## WHAT NEEDS TO BE DONE
Repeat the entries that follow verbatim, without any of their pictures.

[Short descriptive text snippets]
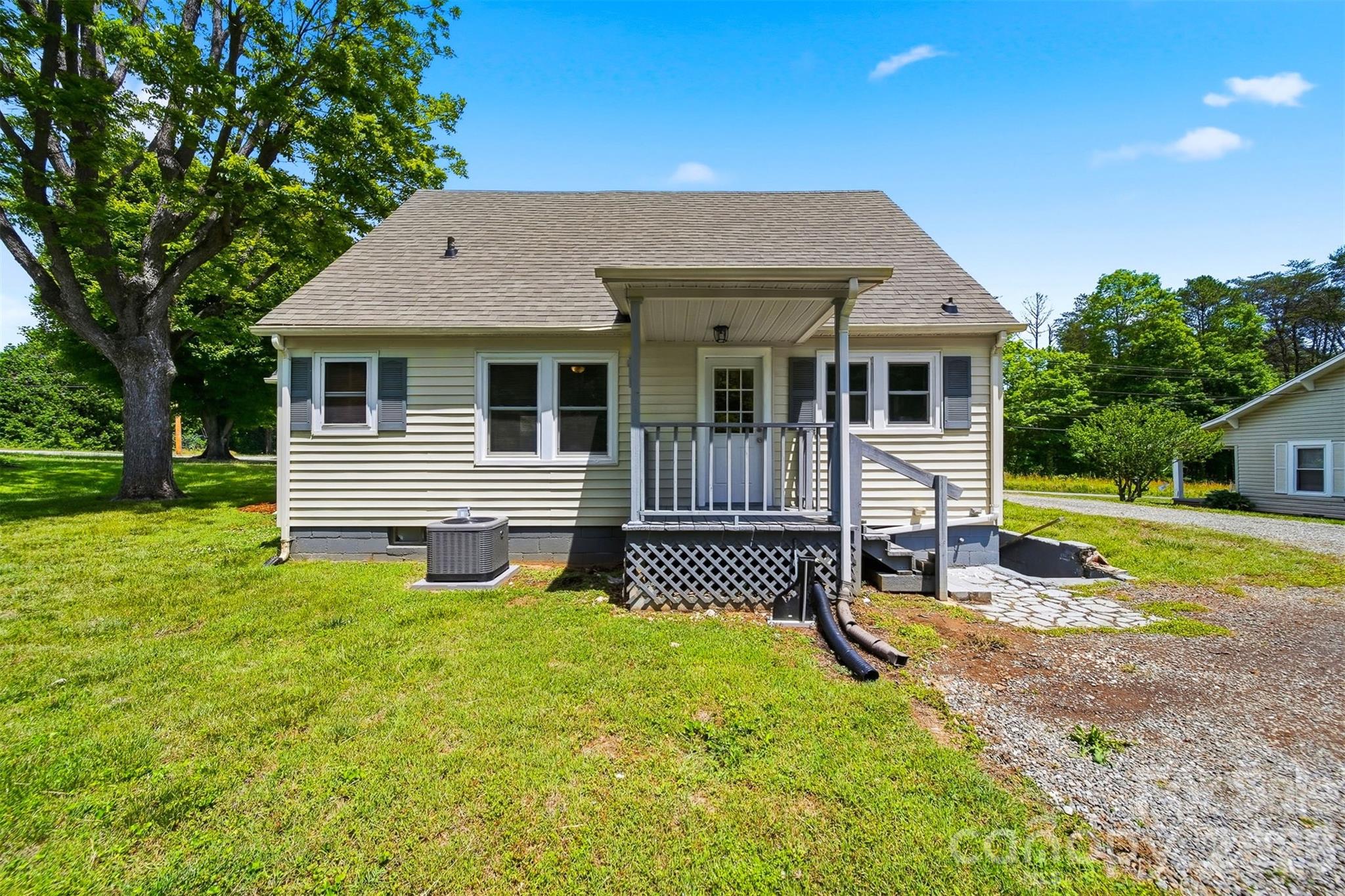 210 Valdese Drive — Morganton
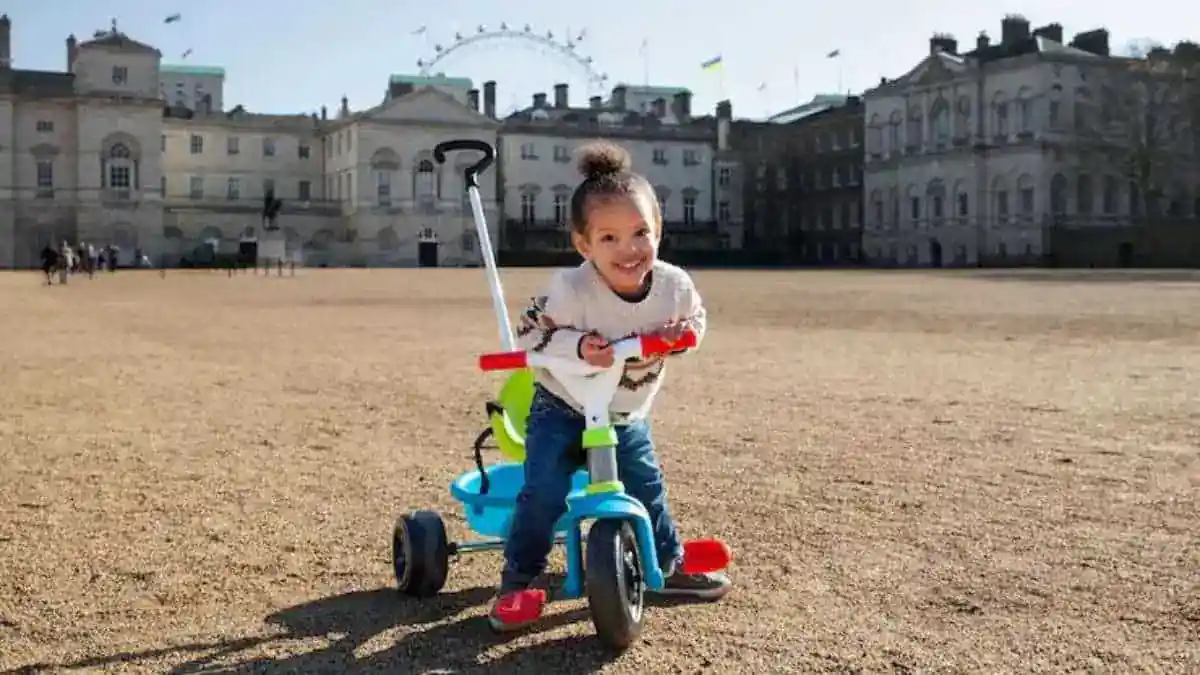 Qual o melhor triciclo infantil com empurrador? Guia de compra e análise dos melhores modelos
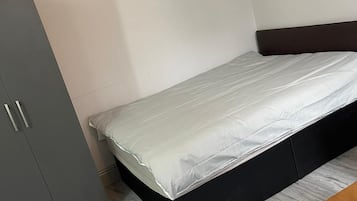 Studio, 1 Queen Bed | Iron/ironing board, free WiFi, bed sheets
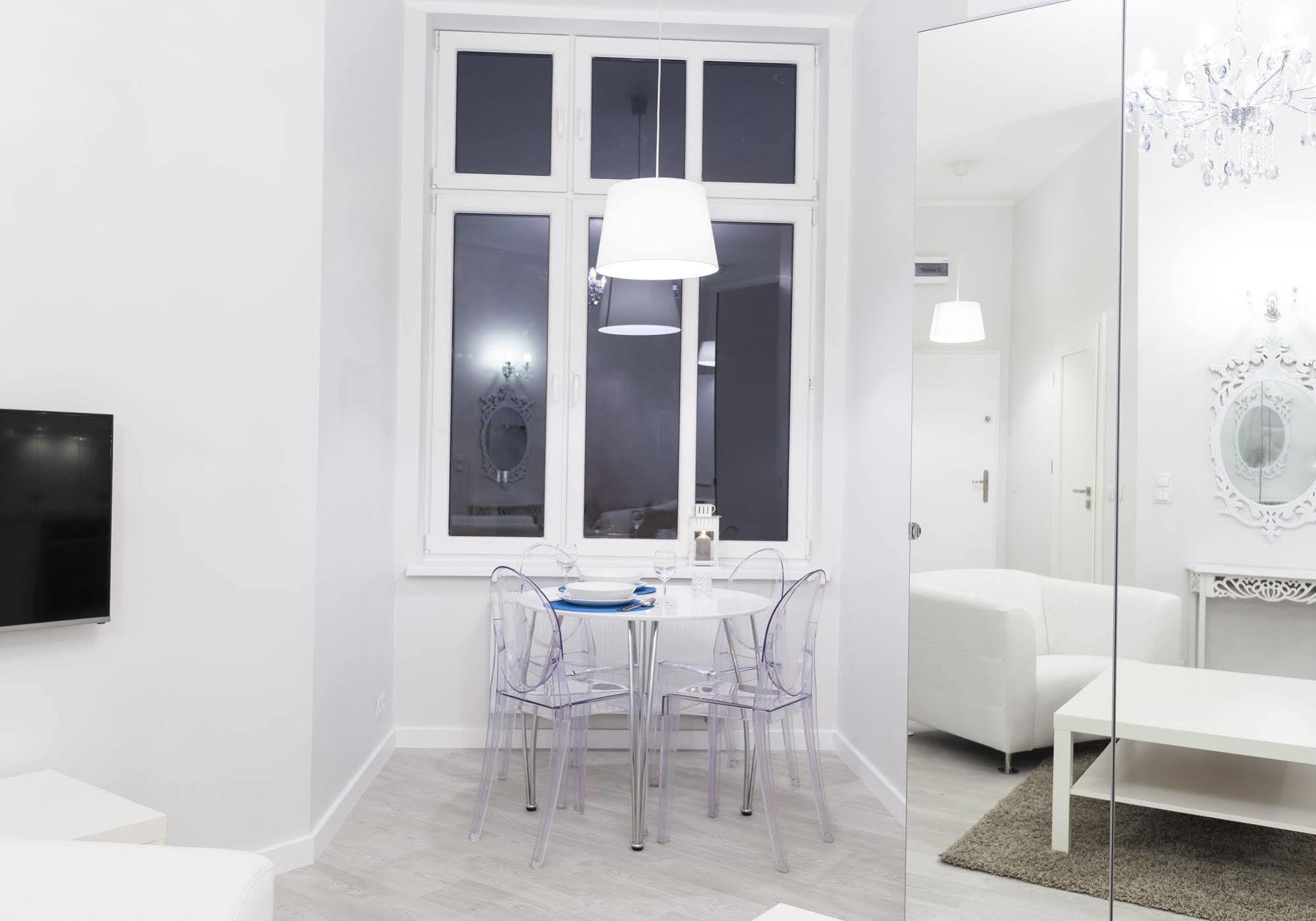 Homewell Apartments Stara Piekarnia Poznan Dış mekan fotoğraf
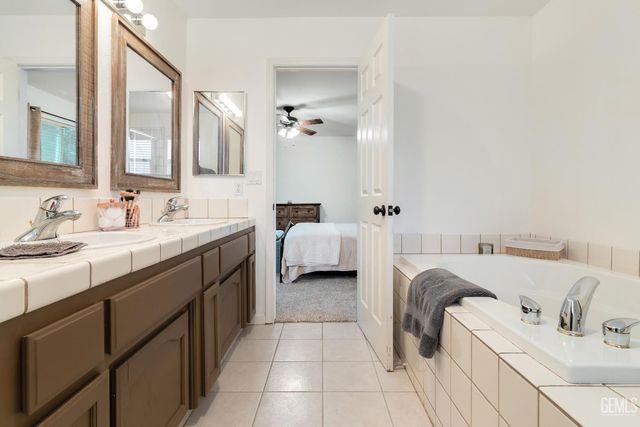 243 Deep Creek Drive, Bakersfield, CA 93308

## EXERCISE RESULT
 210 Valdese Drive — Morganton
 Qual o melhor triciclo infantil com empurrador? Guia de compra e análise dos melhores modelos
 Studio, 1 Queen Bed | Iron/ironing board, free WiFi, bed sheets
 Homewell Apartments Stara Piekarnia Poznan Dış mekan fotoğraf
 243 Deep Creek Drive, Bakersfield, CA 93308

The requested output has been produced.